Re: In an RDBMS, what does "Data" mean?

From: Dawn M. Wolthuis <>
Date: Mon, 31 May 2004 14:35:51 -0500
Message-ID: <c9g1fg$6kn$>

"Alfredo Novoa" <> wrote in message
> On Mon, 31 May 2004 12:51:54 -0300, Leandro Guimaraens Faria Corsetti
> Dutra <> wrote:
> > Faith originally was not opposed to reason
> Indeed, it was a "solution" used when the reason had no answers. Faith
> is related to magic and authority.
> Fortunately the reason has a lot more answers that it had in the
> prehistory.
> >One has faith not necessarily because one accepts another's authority,
> >but because one continues to believe something even without presently
> >seeing proof of it.
> No, proofs are not the only reasons.

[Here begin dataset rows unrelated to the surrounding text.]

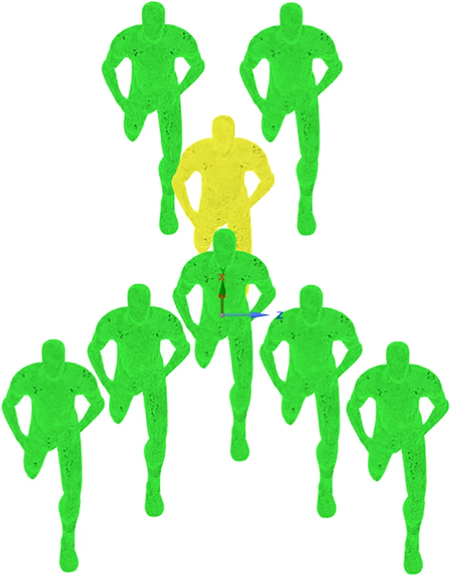 Kipchoge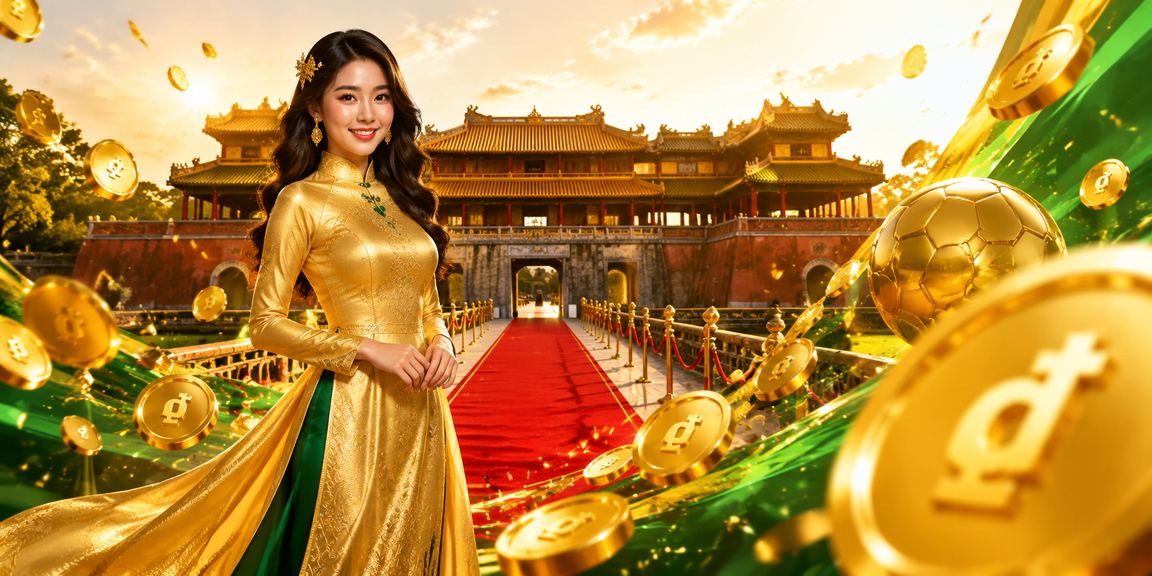 Khung cảnh giải trí và đăng ký chơi cá cược tại Huế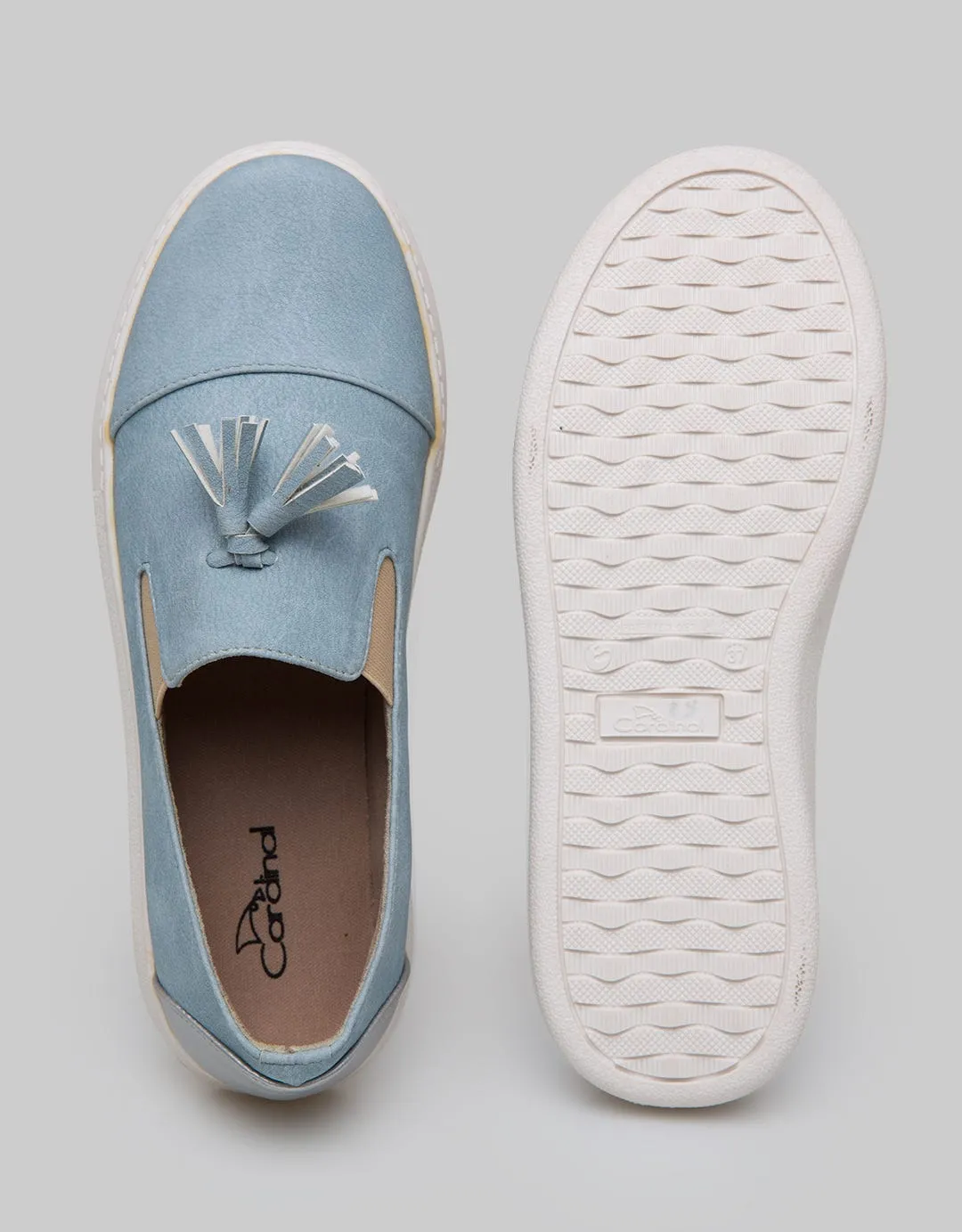 Cardinal Sneakers  Indira 2
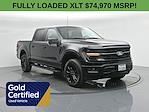 2024 Ford F-150 SuperCrew Cab 4x4 Pickup for sale #BP0269 - photo 1
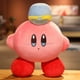 thumbnail image 1 of 10-60cm estrella de dibujos animados Kirby muñeco de peluche almohada niños regalo de cumpleañoszhangyuxiang, 1 of 4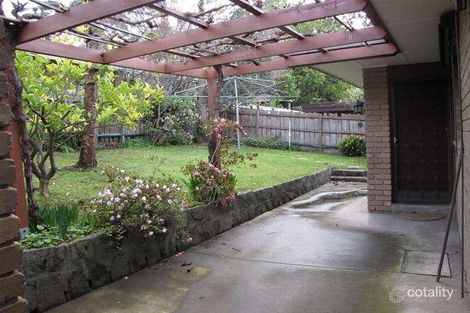Property photo of 25 Polaris Drive Doncaster East VIC 3109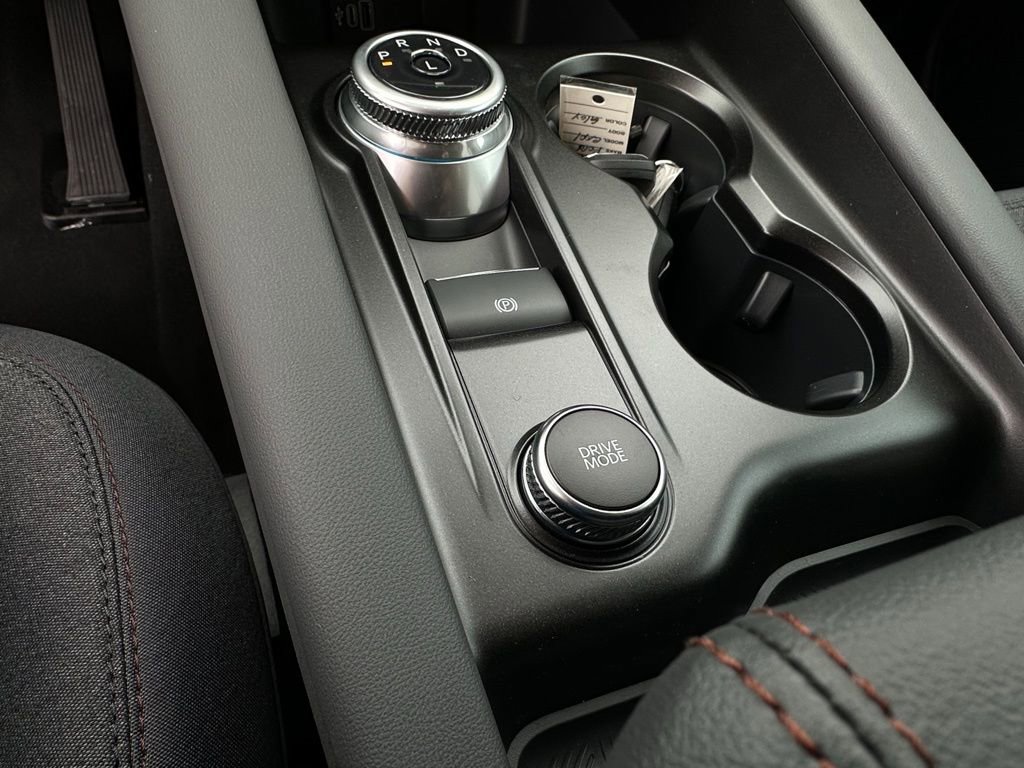 New 2026 Ford Explorer Active image 35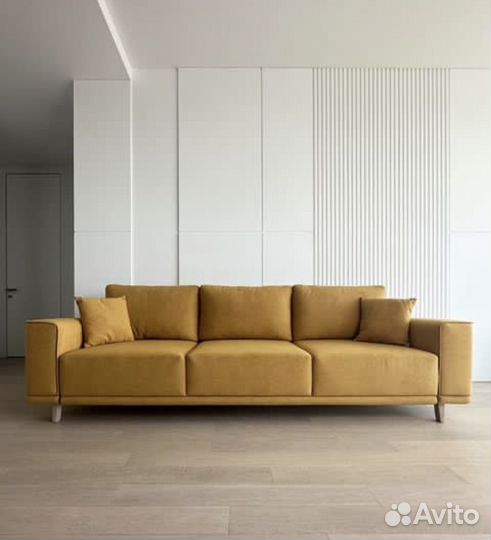 Диван на заказ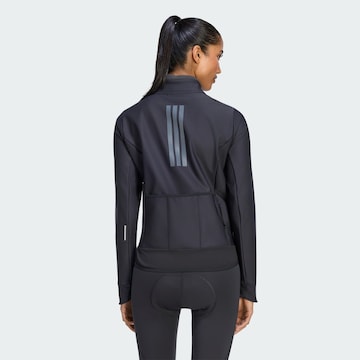 ADIDAS PERFORMANCE Sportjas in Zwart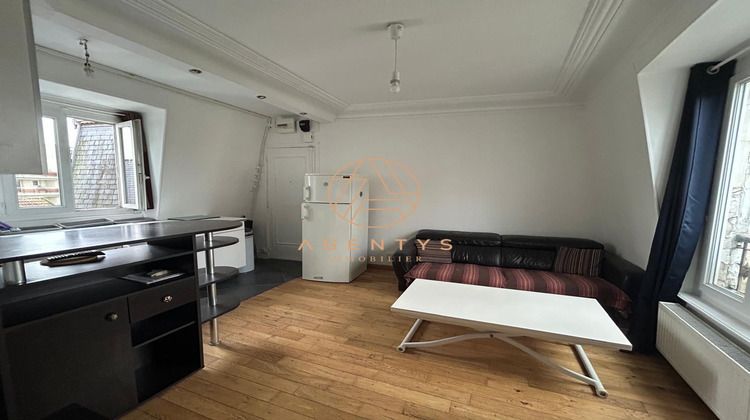 Ma-Cabane - Vente Appartement Nogent-sur-Marne, 29 m²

You are confusing faith with
> deduction based on incomplete information.
> Although like many other words, faith has many meanings like fidelity
> (faithful implementation) and it is even used for reason based
> confidence. But I don't think we are talking about these lose uses of
> the term.
> The pickies use the term in order to equate The Relational Model and
> the primitie approaches. Here is their fallacy:
> Irrationalism is faith, rationalism is faith so irrationalism is as
> good as rationalism therefore The Relational Model is not better than
> any primitive ad hoc approach.

I was with you until you seem to have jumped on some irrationalism bandwagon with that last paragraph. Given that my heavy programming years were not spent with PICK, I'm not a real pickie (and I also don't know if they call themselves that -- I have used that term as short-hand, but I'm not sure who else might). But I'll classify myself a pickie, if I may, because I see that the implementations based on the Nelson-PICK efforts (which appear to be based on the Postley-Buettell work) provide very cost-effective solutions for business, especially when compared to those claiming to be based on the relational model.

I have worked with a number of different environments, and my opinion from experience is that PICK provides a big bang for the buck and runs "lean and mean" compared to other solutions. I do not claim that I can prove it is better in any way -- it seems better. Intuition is not irrational -- it is based on our brains working in such a way as to arrive at a hypothesis (not proof!) that we might be incapable of defending through any logic, at least at some point in time.

This is NOT irrational thinking. Agreed?